An old plane is not by definition an unsafe plane, but metal fatigue can afflict planes that are more than 30 years old. The phenomenon’s cumulative effects often appear on the surface of or within the wings in the form of fatigue cracks. It can be difficult or impossible to detect these cracks by sight alone, and the repair costs can exceed the value of the plane itself, but the consequences of failing to find and fix this damage can be devastating: A wing could fall off in flight.
As noted in this issue’s Grumman story, fatigue cracks appear to have played a role in the Miami Mallard crash. Wing losses traced to fatigue cracks caused three separate fatal accidents—in 1999, 2003, and 2004—in the Beechcraft T-34, a popular World War II–era military training aircraft. Since the first accident, the T-34 community and the FAA have sought a solution that addresses the problems without forcing owners to choose between making expensive, and possibly unnecessary, repairs or grounding their planes.
Another vintage training plane, the T6, shed a wing in a May 2005 accident that killed two pilots; this, too, was blamed on fatigue cracks. Also, in 2003, the FAA required wing inspections for several models of 400-series twin Cessnas because of potential cracks. In addition, a pair of 2002 fatal crashes involving elderly ex-military aircraft that had been adapted for fighting wildfires were attributed to cracks worsened by inadequate maintenance. Several news stations broadcast video of one of those crashes, which showed the wings dropping in tandem from the plane before it struck the ground.
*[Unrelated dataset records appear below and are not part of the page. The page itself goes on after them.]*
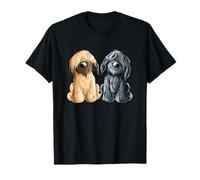 Deux chiens Briard I Berger De Brie I Chien cadeau T-Shirt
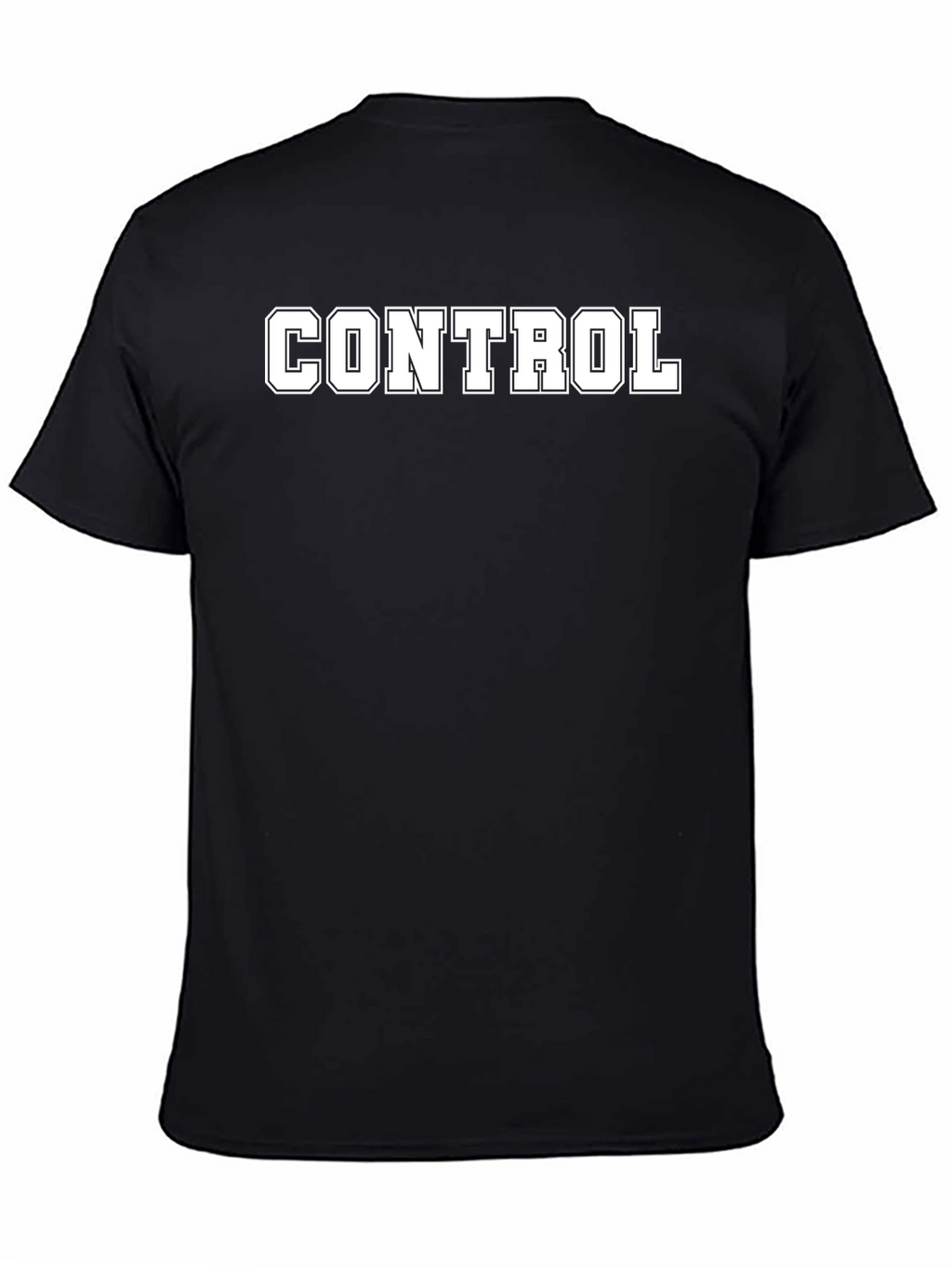 Control T-Shirt - Black Crew Neck Tee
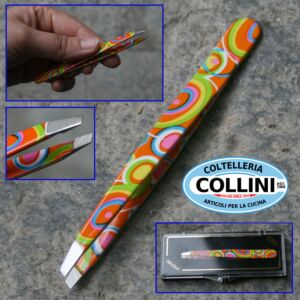 Alpen / Estas - Tweezers stainless oblique - assorted colors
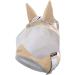 Maskology Horse Fly Mask with Ears UV Protection - L Full, Light Champagne - Buy Online on GoSupps.com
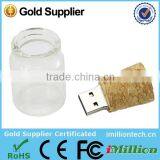 Drift Bottle USB Flash Drive, Glass Bottle USB, Transparent Bottle USB Flash Drive thumbnail-3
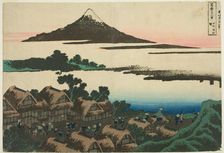 Dawn at Isawa in Kai Province (Koshu Isawa no akatsuki), from the series "Thirty-six..., c. 1830/33. Creator: Hokusai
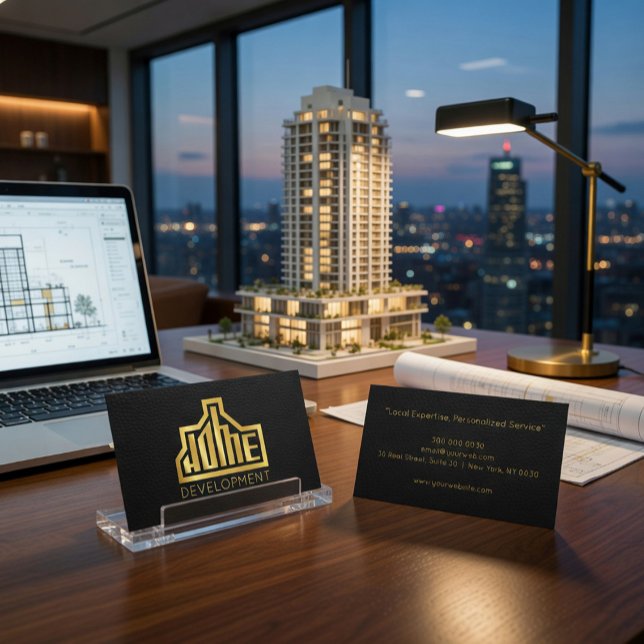 Professional Real Estate Business Card (Creator Uploaded)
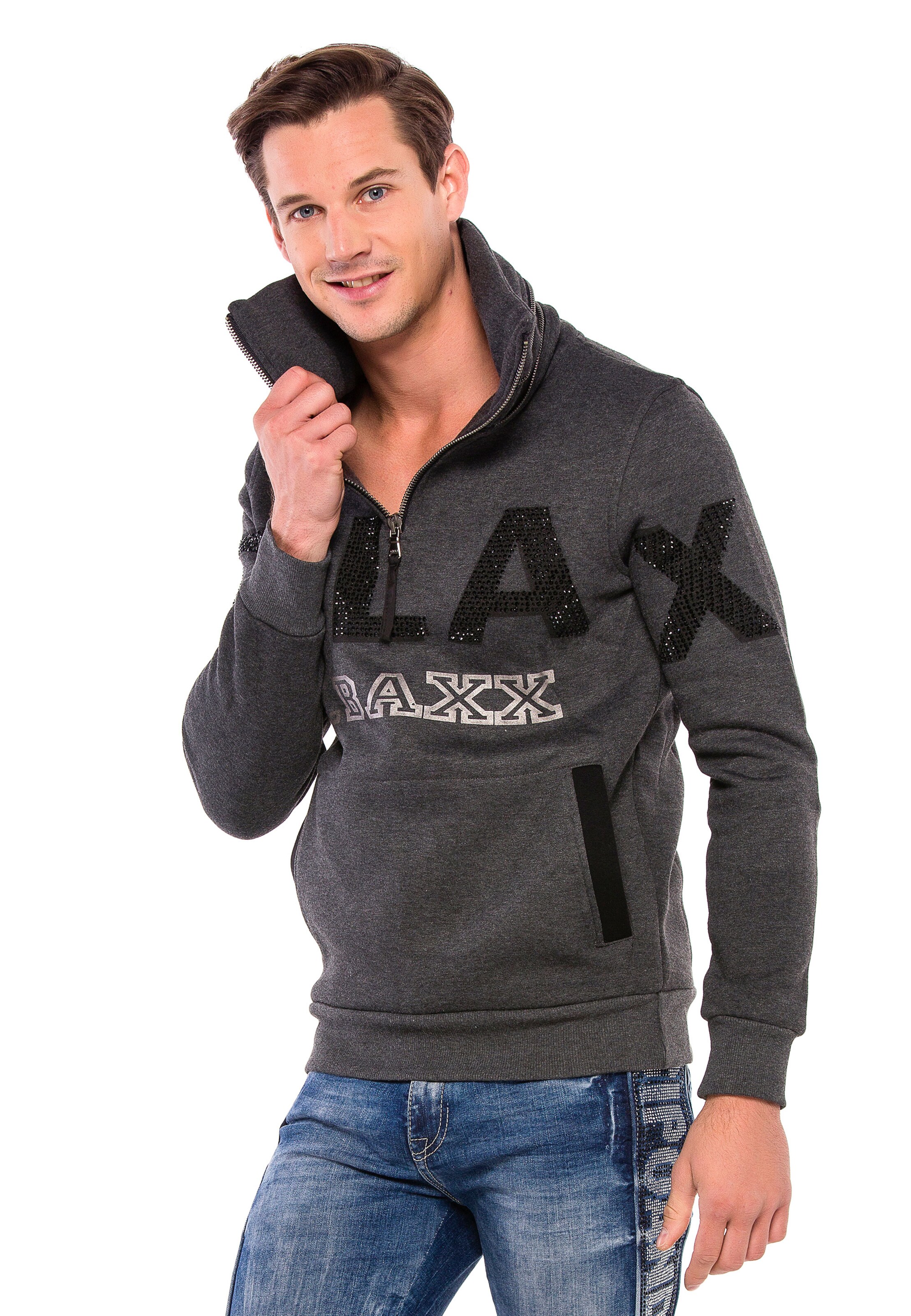CIPO & BAXX Sweatshirt in Zwart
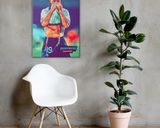 Gazza lifestyle mockup — Comic Strip Canvas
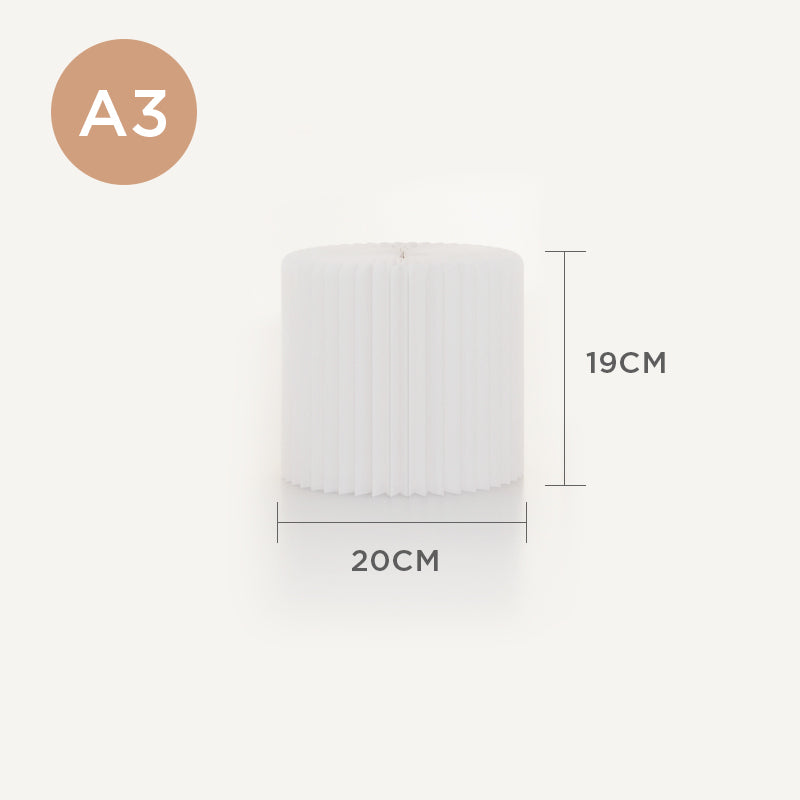 【即將推出】台面圓柱微展台 │ 風琴牛皮紙折疊家具 | ihpaper - Design Chicken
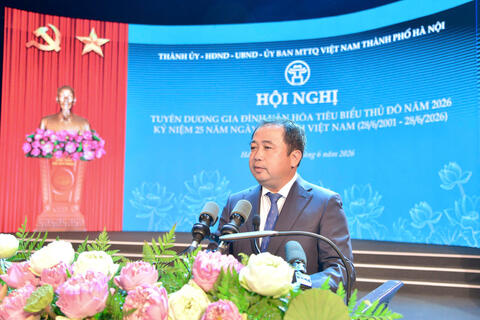 Hà Nội tổ chức tuyên dương 126 gia đình văn hóa tiêu biểu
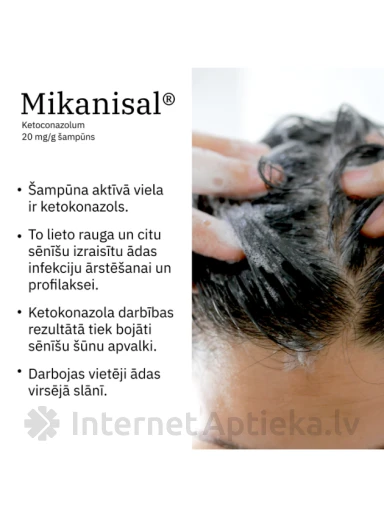 Mikanisal 2% šampūns, 60 g | internetaptieka.lv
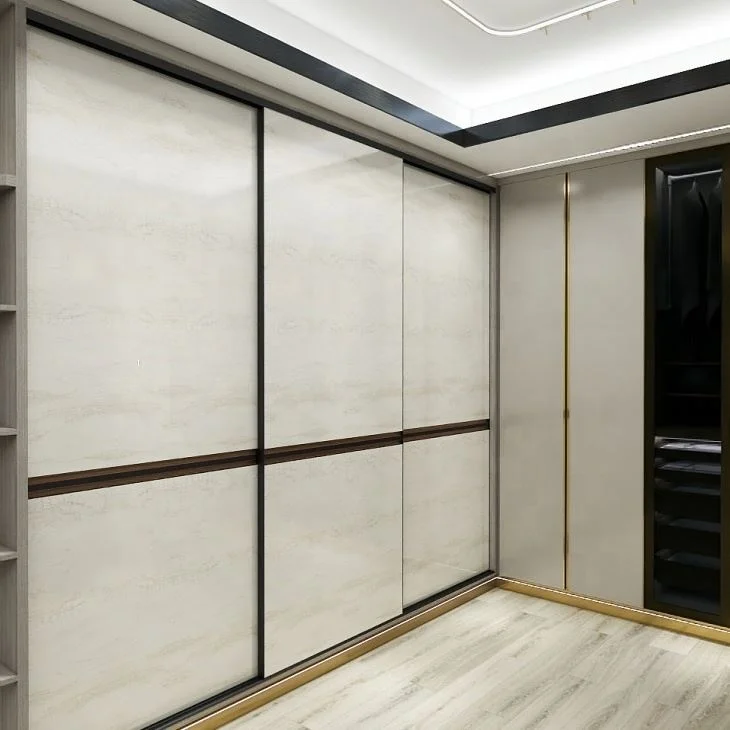 3 Door Sliding Wardrobe Sliding Rollers Manufacturing Good Price Sliding Metal Wardrobe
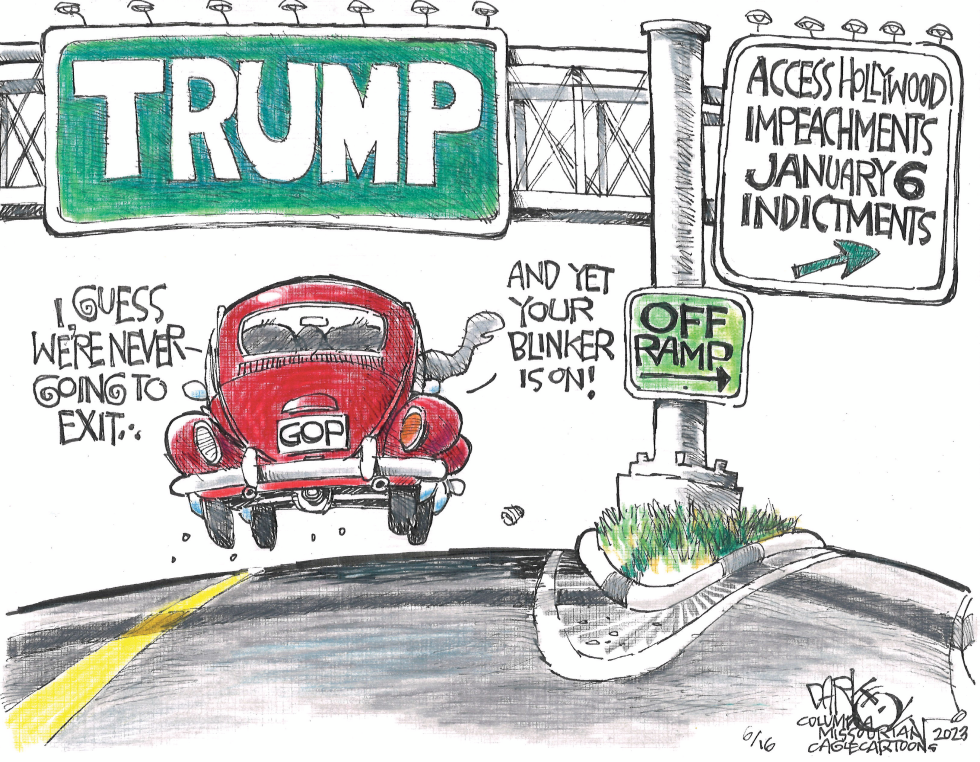 Off-ramp from Trump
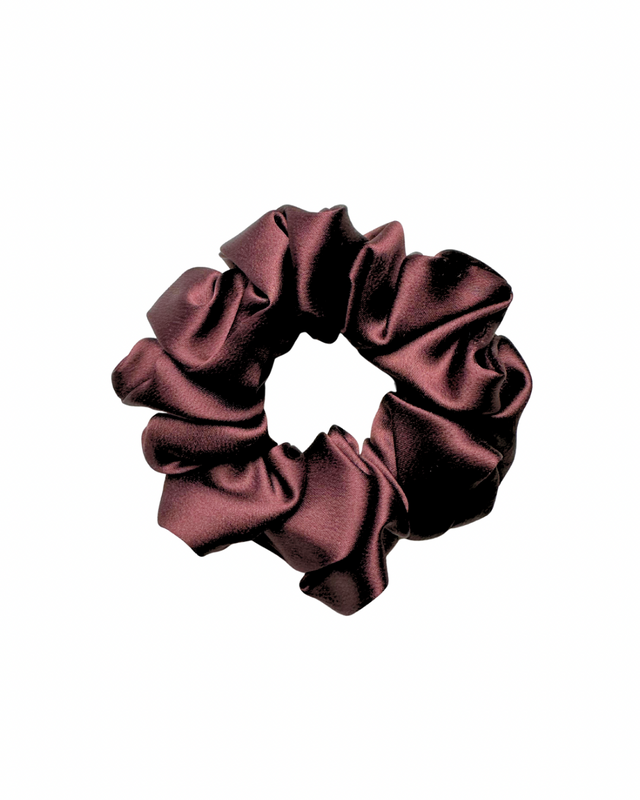 Резинка MALLOW silk Strong зі 100% шовку шоколад 0012XL фото
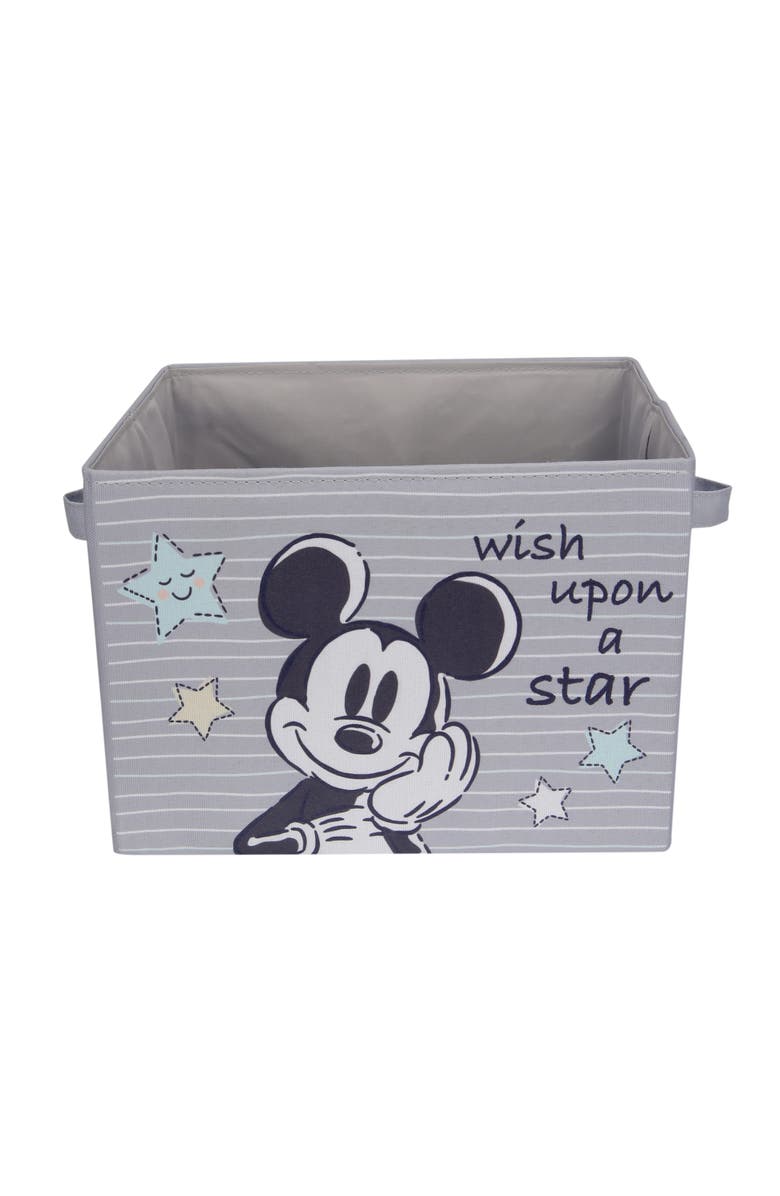 Lambs & Ivy Disney Mickey Mouse Foldable Storage Basket/Container/Bin, Alternate, color, Gray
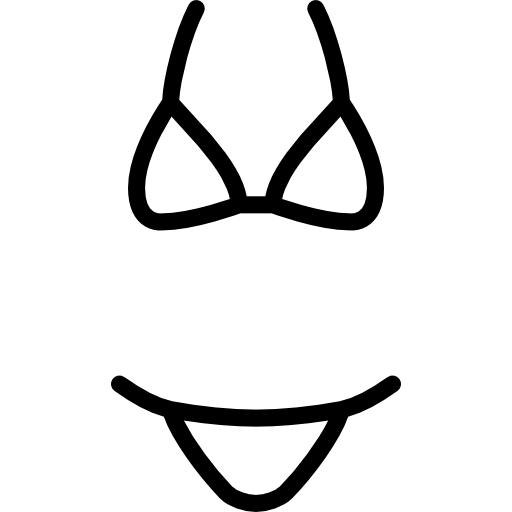 bikini Basic Miscellany Lineal icono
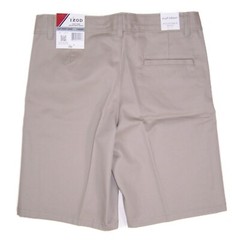 Izod Little Boys Size 8 Huskey School Uniform Shorts NWT Adjustable Waist Khaki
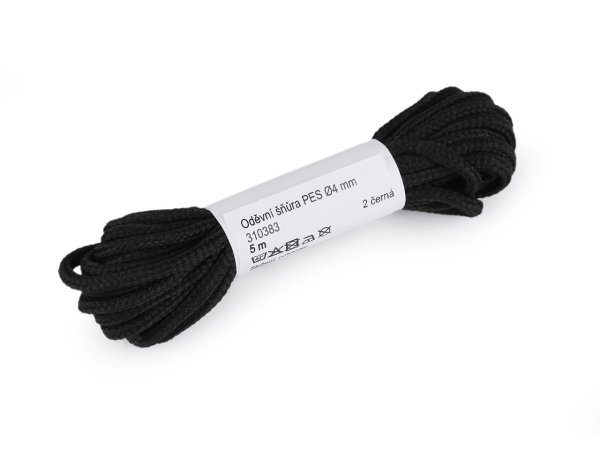 Oděvní šňůra PES Ø4 mm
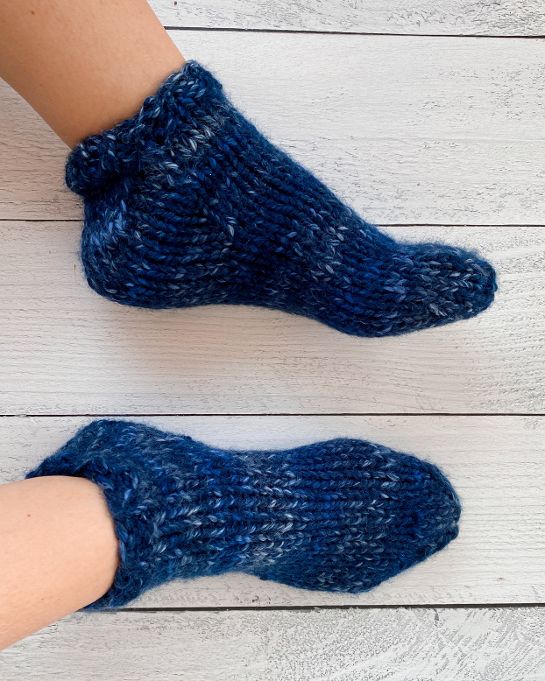 Super Bulky Knit Socks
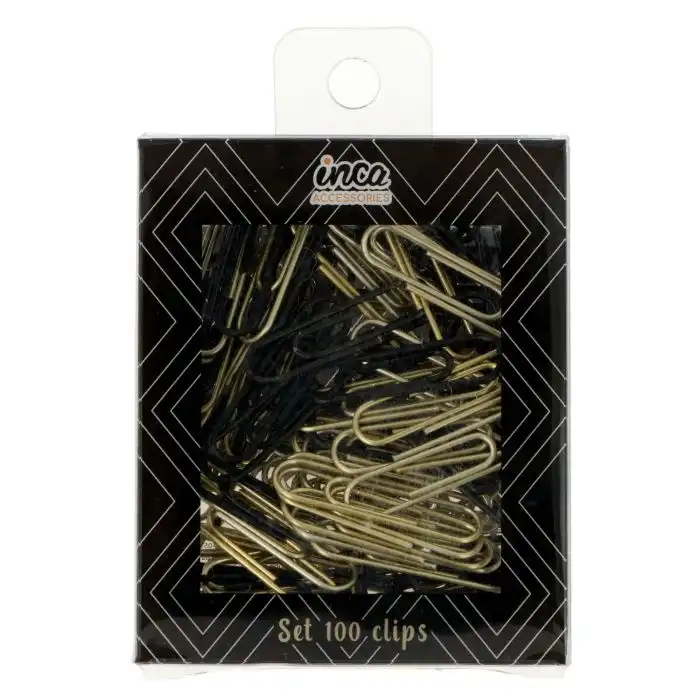 Set 100 Clips Negros y Dorados - Inca Hair - Comparador de precios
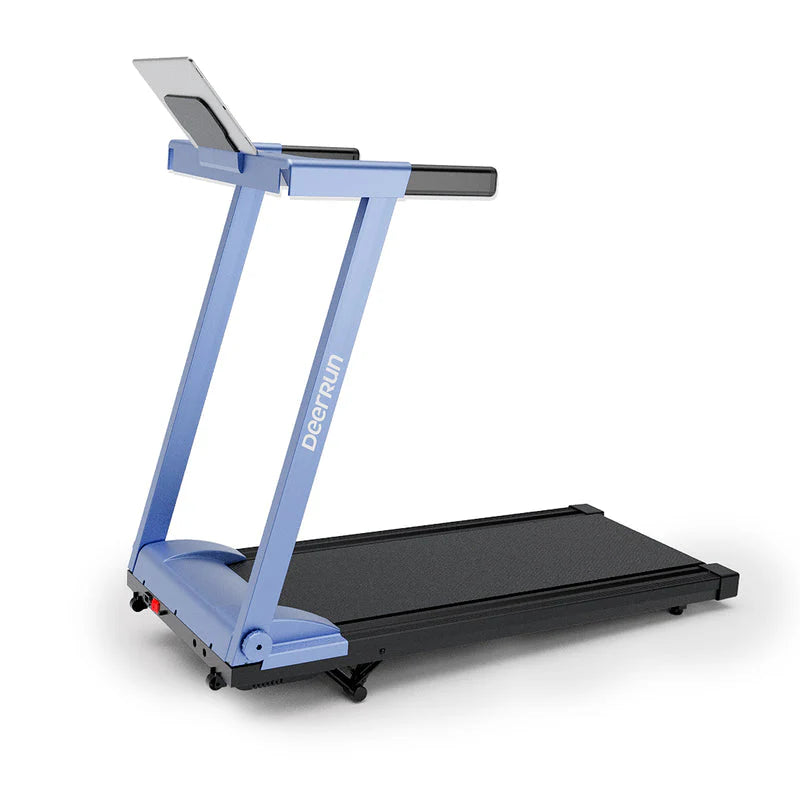 Deerrun All-New 2026 A1 Pro Move+ 6% Incline Foldable Treadmill——Upgraded Chip & NFC Support | 350Lbs, 10Mph Blue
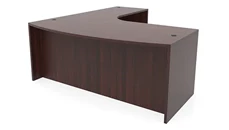 L Shaped Desk Shells PBD Furniture 72in x 96in Curved Corner Bow Front L-Desk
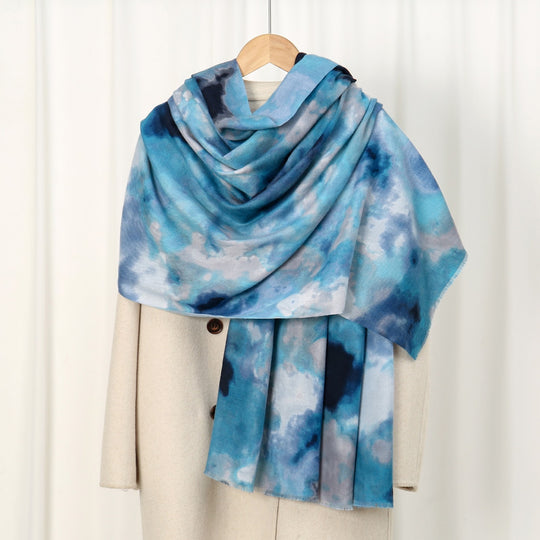 Bedruckter Schal mit Blumenmuster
Despite these accidents, age-related structural failures are rare, and according to an internal FAA survey of accidents involving general aviation planes that was cited by the Experimental Aircraft Association (EAA), metal fatigue does not rank among the top five causes of crashes.
The fact remains, however, that the average age of a general aviation plane—one that weighs less than 12,500 pounds—exceeds 30 years, and it is unlikely that the people who built Grummans and other aircraft in the early to mid-20th century expected that these planes still would be flying. Warplane makers, in particular, rightly worried more about building machines that could withstand a hit from a 20 mm bullet than the slow-acting scourge of corrosion.
The FAA, EAA, and other leading aviation groups have endorsed a set of maintenance guidelines released in September 2003 and titled Best Practices Guide for Maintaining Aging General Aviation Airplanes. The publication’s 17-strong team of authors draws an analogy between an aging plane and an aging person: Growing older does not necessarily mean becoming unfit, but it does demand greater attention to bodily maintenance. “Health professionals recommend increasingly more intrusive ‘inspections’ as people age,” the guide states. “People accept these recommendations and generally request more thorough physicals as they get older.”
H.G. Frautschy, editor of Vintage Airplane magazine and executive director of the EAA’s Vintage Aircraft Association, agrees with that assessment. “These planes can be operated safely,” he says “but you have to put the work in.”